In 2010 the archdiocese launched a campaign to stabilize OLG and twelve other inner city Catholic schools so they could stay open. The school scheduled completion of a newly installed roof and a tuck pointing and sealing of the school building in the northern hemisphere summer of 2012.

OLG remained open as other area Catholic schools closed due to low enrollment. As of 2012 many elementary school classes have waiting lists.

===Curriculum===
Historically OLG students learned the English language, history, arithmetic, geography, and the Roman Catholic religion. The language of instruction historically has been English.

===Student body===
As of 2010, the school had 240 students. Half of them received financial assistance. The students, as of 2010, originated from 46 ZIP codes in Greater Houston. Of the students, one third lived within the parish. Jeannie Kever of the Houston Chronicle said in 2010 that "many others have family ties to the school." As of 2012 the OLG school had over 500 students, originating from 30 other ZIP codes in Greater Houston.

===Tuition and financial support===
As of 2010, tuition was about $3,030 ($ in current money) per year, with discounts given to siblings. Jeannie Kever of the Houston Chronicle said "That's still out of reach for many families." At that time, Houston area Catholic schools generally spent $5,800 per child. During that year, half of the school's 240 students received financial aid that helped them go to the school. As of the 2012–13 school year, tuition is $3,420 per year for Pre-Kindergarten and Kindergarten students, $3,265 per year for first-time grade school students, and $2,125 per year for second and subsequent time grade school students, and other fees apply.

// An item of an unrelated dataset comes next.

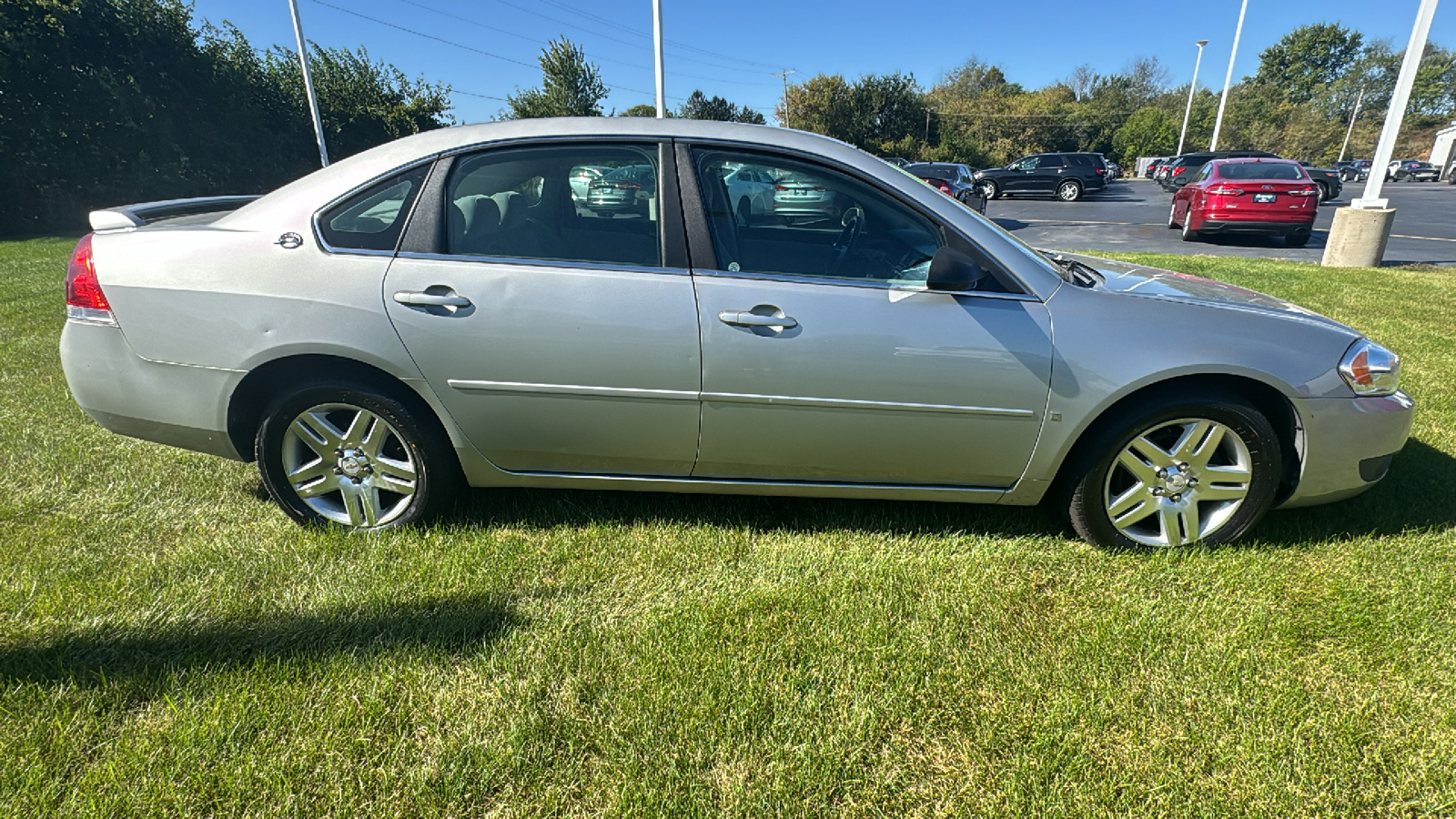 2008 Chevrolet Impala LT 2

Historically the school used bazaars, beauty queen pageants, and tamale sales, organized by parents, to gain additional financial support. Garza said "[t]his type of school fundraising remains an important financial resource." As of 2010, the school raised $45,000 ($ in current money) annually from its raffles and festivals. The Priests of the Sacred Heart donates $55,000 per year to the school. St. Martha's Catholic Church in Kingwood, Houston annually gives some funding to the OLG School. The Roman Catholic Archdiocese of Galveston-Houston annually gives $130,000 in tuition assistance to OLG students. Every OLG family is required to donate 20 volunteer hours to the school per year.

When the school was first established, it did not charge its students tuition. The school began charging for tuition in the 1934–35 school year, with $.25 ($ with inflation considered) to .50 per pupil ($ with inflation considered). Natalie Garza said that the tuition was "minimal."

===Student discipline===
Garza said that during the school's operations in the early 20th century "The sisters had a reputation for strictness" and that "[s]ome aspects of Mexican American youth culture were derided at the school." For instance the school did not allow students to have haircuts in the "pachuco" hairstyle and students found with the hair were sent home and forbidden to return unless they cut their hair. In addition, in Garza's article, alumnus Vincent Santiago recalled that the "Sisters of Divine Providence were very concerned about us because we were young and they knew way back in the 1940s [that] jobs were hard to get. They encouraged us to go to high school, learn as much as we could or not to get in trouble...to keep on going [on] the right track and that is what I have done." Santiago recalled that the school prohibited the speaking of Spanish on school grounds and that "The Sisters of Divine Providence said,‘When you are in school, speak English. When you are out of school, speak Spanish.’ Simple, very simple."